Reign of Artaxerxes I. Stories told of him. Most probable account of his Descent, Rank, and Parentage. His Contest with Artabanus. First War with Chosroes of Armenia. Contest with Alexander Severus. Second War with Chosroes and conquest of Armenia. Religious Reforms. Internal Administration and Government. Art. Coinage. Inscriptions.

Ον (sc. Αρταβανον) Αρταζσερζης αποκτεινας, Περσαις την αρχήν ανεκτησατο τα τε γειτνιωντα έθνη βάρβαρα χειρωσαμενος ραδιως ήδη και τη Ρωμαίων αρχήν επεβουλευσεν. — Herodian. vi. 2, ad fin.

Around the cradle of an Oriental sovereign who founds a dynasty there cluster commonly a number of traditions, which have, more or less, a mythical character. The tales told of the Great, which even Herodotus set aside as incredible, have their parallels in narratives that were current within one or two centuries with respect to the founder of the Second Persian Empire, which would not have disgraced the mythologers of Achaemenian times. Artaxerxes, according to some, was the son of a common soldier who had an illicit connection with the wife of a Persian cobbler and astrologer, a certain Babek or Papak, an inhabitant of the Cadusian country and a man of the lowest class.
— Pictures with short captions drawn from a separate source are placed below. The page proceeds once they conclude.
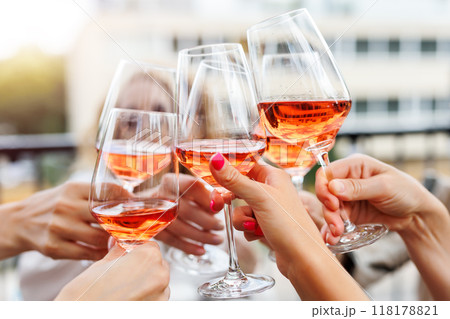 Close-up many female woman hands hold clinking rose wine glass celebrate toast party terrace warm sunset sun background. Girl friend enjoy drink champagne cocktail bachelorette event outdoor cafe bar 118178821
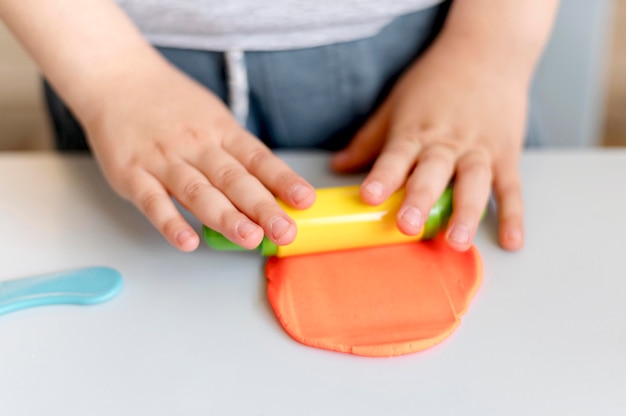 Free photo close-up kid playing with plasticine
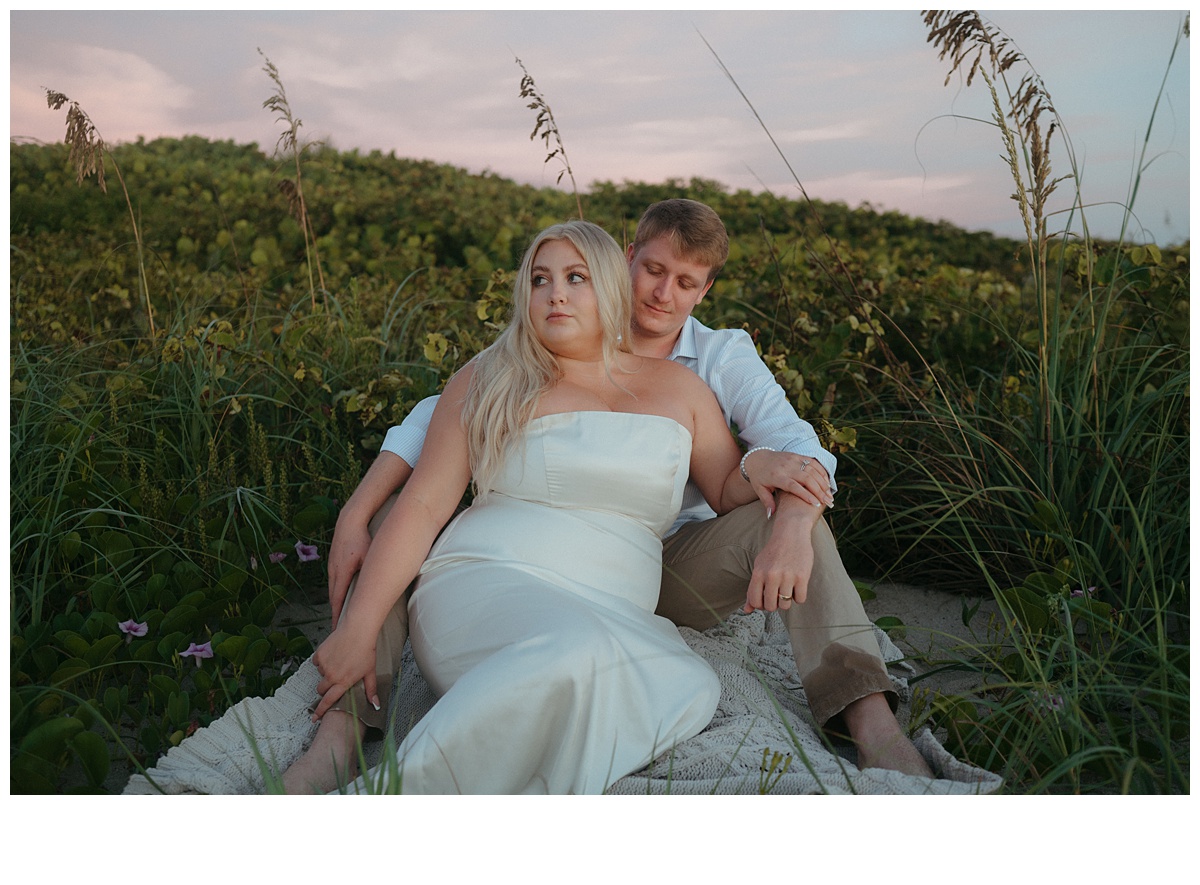 groom and bride sitting within berm while groom kisses brides temple after florida beach elopement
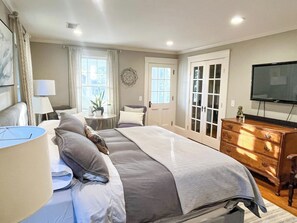 A bedroom with a large bed, bedside tables, a dresser, a TV, and a window with curtains. - Historic home near beaches & Newport, walk to town (East Greenwich)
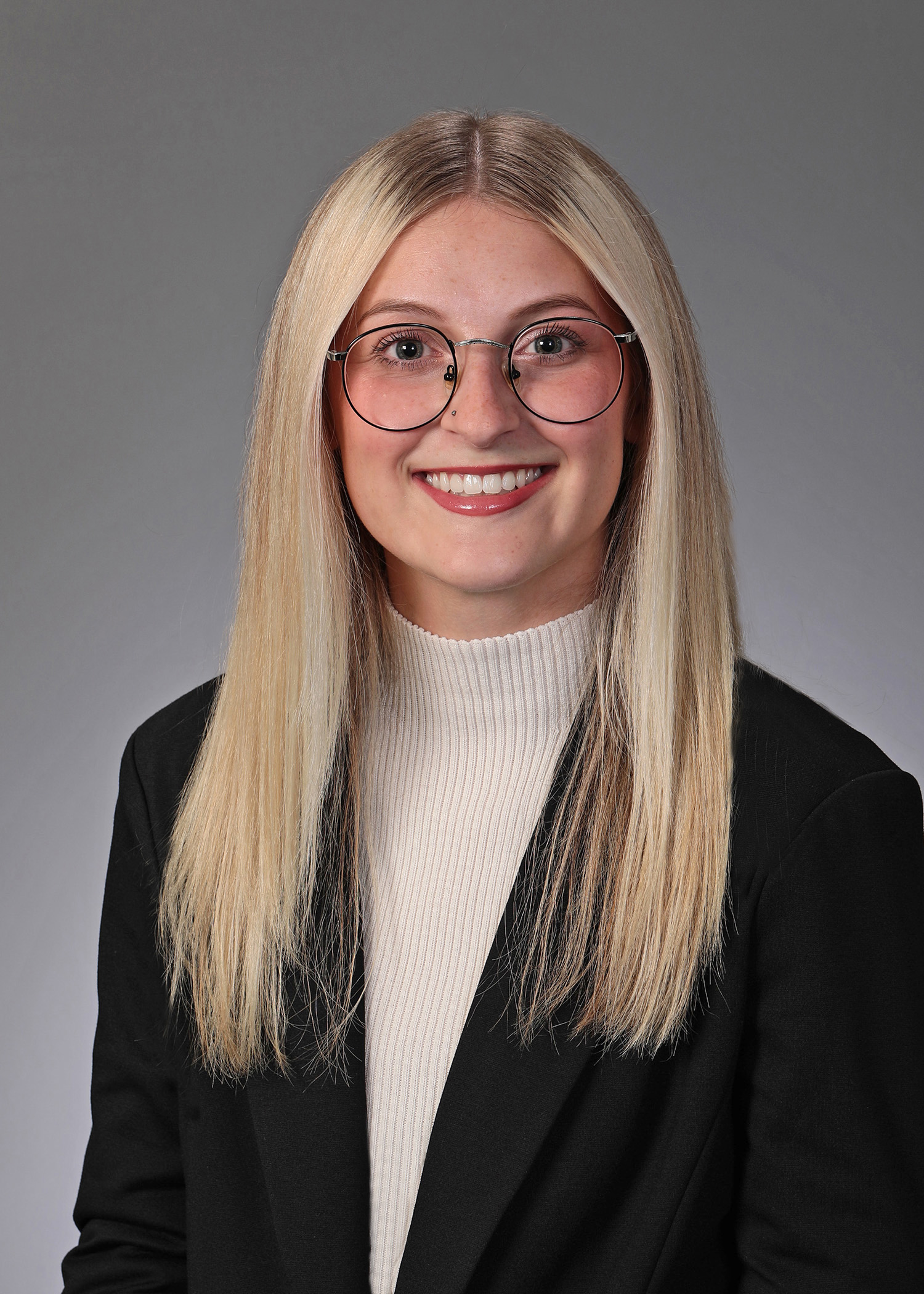 blonde haired woman in glasses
Papak, knowing by his art that the soldier’s son would attain a lofty position, voluntarily ceded his rights as husband to the favorite of fortune, and bred up as his own the issue of this illegitimate commerce, who, when he attained to manhood, justified Papak’s foresight by successfully revolting from Artabanus and establishing the new Persian monarchy. Others said that the founder of the new kingdom was a Parthian satrap, the son of a noble, and that, having long meditated revolt, he took the final plunge in consequence of a prophecy uttered by Artabanus, who was well skilled in magical arts, and saw in the stars that the Parthian empire was threatened with destruction. Artabanus, on a certain occasion, when he communicated this prophetic knowledge to his wife, was overheard by one of her attendants, a noble damsel named Artaducta, already affianced to Artaxerxes and a sharer in his secret counsels. At her instigation he hastened his plans, raised the standard of revolt, and upon the successful issue of his enterprise made her his queen. Miraculous circumstances were freely interwoven with these narratives, and a result was produced which staggered the faith even of such a writer as Moses of Chorene, who, desiring to confine himself to what was strictly true and certain, could find no more to say of Artaxerxes’s birth and origin than that he was the son of a certain Sasan, and a native of Istakr, or Persepolis.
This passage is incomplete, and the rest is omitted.